Most successful bloggers have transitioned from personal style to self-promotion. They not only promote brands but are brands. Now that blogging is a full-time career, it seems to have lost the spontaneity, the “personal” aspect of personal style. Leandra was right: all blogs do post the same stuff. In the beginning, fashion blogs were refreshing because they were democratic. They represented a sphere outside the sometimes contrived, sales-driven magazines, a sphere occupied by real people. Now, blogs seemed to have been so thoroughly embraced by the industry that they are completely commercialized, mere extensions of Big Fashion instead of alternatives to the system.
For a week earlier this year, I found it strange that a lot of the blogs I read featured the same all red Valentino Rockstud kitten heels. It turns out, Valentino had sent them to all the bloggers. The shoes were not a sartorial decision but rather became a status symbol for the blogs deemed influential enough to get free shoes from Valentino. Who’s a big deal? Just look for the red shoes.
This isn’t lost on the bloggers themselves. Shit Bloggers Wear, a popular tumblr from illustrator Cecilia Doan, chronicles the “it” items all bloggers seem to have: the Chanel “boy” bag, Birkenstock “Arizona” sandal, ‘Ain’t no Wifey’ beanie, first spotted on ‘90s street culture-appropriator Cara Delevigne. While the tumblr celebrates the bloggers, teasing them in good fun, it also criticizes them. Doan told Fashionisa, “I think there are many people like me who’ve noticed mainstream fashion bloggers are starting to rep the same brands and styles. The endorsements are becoming more obvious. Everyday people choosing hype and status over cultivating their own sense of style.”
Vogue Editor Edna Woolman Chase famously quipped, “Fashion can be bought. Style one must possess.” It seems, lately, that fashion is not only bought, but even worse, gifted. The current fashion economy, especially as it relates to blogs, doesn’t leave much room for actual style.

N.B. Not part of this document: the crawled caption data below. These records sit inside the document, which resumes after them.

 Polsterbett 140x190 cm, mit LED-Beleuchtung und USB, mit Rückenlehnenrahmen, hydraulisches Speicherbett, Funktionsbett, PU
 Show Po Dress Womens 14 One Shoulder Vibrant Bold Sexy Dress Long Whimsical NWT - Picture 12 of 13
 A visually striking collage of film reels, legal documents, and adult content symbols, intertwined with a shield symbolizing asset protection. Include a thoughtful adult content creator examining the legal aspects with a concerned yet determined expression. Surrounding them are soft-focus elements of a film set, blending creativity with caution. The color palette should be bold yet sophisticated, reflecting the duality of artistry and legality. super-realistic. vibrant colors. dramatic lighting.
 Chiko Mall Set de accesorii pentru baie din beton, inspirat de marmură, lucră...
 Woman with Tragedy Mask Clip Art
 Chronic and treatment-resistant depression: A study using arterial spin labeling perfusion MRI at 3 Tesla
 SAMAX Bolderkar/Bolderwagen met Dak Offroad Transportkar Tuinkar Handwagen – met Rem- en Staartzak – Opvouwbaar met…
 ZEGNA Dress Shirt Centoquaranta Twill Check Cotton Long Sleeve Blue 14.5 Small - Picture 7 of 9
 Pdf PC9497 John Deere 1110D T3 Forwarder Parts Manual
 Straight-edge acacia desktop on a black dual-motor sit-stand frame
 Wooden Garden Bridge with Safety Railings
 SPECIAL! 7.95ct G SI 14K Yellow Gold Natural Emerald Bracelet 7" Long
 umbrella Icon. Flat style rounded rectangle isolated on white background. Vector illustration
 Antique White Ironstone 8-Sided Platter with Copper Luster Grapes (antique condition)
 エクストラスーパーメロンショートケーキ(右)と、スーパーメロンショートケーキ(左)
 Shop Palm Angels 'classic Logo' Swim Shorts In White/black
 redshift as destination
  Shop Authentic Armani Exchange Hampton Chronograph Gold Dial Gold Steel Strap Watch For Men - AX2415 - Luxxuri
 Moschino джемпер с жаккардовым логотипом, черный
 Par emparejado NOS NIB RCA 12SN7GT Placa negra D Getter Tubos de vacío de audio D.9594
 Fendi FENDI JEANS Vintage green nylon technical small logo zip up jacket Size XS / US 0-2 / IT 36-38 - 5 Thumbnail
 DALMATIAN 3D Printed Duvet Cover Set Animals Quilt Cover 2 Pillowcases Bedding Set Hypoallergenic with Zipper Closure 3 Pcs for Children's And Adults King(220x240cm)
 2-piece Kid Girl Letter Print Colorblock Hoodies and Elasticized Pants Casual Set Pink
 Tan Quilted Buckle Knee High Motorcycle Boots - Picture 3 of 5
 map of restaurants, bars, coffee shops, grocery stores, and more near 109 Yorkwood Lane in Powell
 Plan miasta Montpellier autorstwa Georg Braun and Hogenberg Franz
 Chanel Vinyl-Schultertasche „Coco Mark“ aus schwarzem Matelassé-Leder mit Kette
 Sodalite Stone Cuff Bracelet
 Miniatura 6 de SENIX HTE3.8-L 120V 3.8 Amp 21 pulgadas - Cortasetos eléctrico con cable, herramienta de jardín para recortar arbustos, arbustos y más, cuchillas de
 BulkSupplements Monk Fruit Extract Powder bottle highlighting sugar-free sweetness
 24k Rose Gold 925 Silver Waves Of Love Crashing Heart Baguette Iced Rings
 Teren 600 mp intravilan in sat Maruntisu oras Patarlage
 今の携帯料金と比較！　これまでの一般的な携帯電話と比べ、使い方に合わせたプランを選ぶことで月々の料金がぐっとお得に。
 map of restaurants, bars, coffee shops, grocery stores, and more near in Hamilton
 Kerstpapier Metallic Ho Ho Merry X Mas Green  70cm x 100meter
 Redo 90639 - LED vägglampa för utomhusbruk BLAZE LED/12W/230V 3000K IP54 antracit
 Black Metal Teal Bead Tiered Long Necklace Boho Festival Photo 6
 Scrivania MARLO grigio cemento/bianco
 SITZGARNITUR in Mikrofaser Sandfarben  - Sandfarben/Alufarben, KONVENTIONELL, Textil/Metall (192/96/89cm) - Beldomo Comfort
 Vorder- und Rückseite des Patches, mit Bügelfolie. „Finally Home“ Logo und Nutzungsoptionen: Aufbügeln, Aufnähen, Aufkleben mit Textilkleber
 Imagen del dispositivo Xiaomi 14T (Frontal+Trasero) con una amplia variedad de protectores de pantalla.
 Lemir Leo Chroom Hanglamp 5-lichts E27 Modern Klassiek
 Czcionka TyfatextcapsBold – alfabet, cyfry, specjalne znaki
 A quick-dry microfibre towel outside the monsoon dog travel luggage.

Are these bloggers simply Servile Fashionistas? Rae Langton and Lauren Ashwell coined the term to stand in opposition to a Sensible Fashionista in their article, “Slaves to Fashion?” Though this article examines the objectifying nature of pursuing fashion from a feminist perspective (their verdict: yes, it is) the term is a useful tool for those of us frustrated with the Trend Droids occupying our Instagram feeds. The Servile Fashionista is “a pathetic and abject follower of the latest pronouncements from the fashion gurus…She rushes out to get whatever is the latest look just because it is the latest look.” The Sensible Fashionista, on the other hand. follows fashion, but “not [because] she has been told it is the fashion, but because it is something she likes.”
Where are the Sensible Fashionistas in the blogosphere? The ones with unique style and discerning taste? The ones with opinions but without endorsements? Perhaps the system has just gotten too bloated, rewarding outrageous proportions and clashing patterns. Perhaps we just need to find some new outsiders.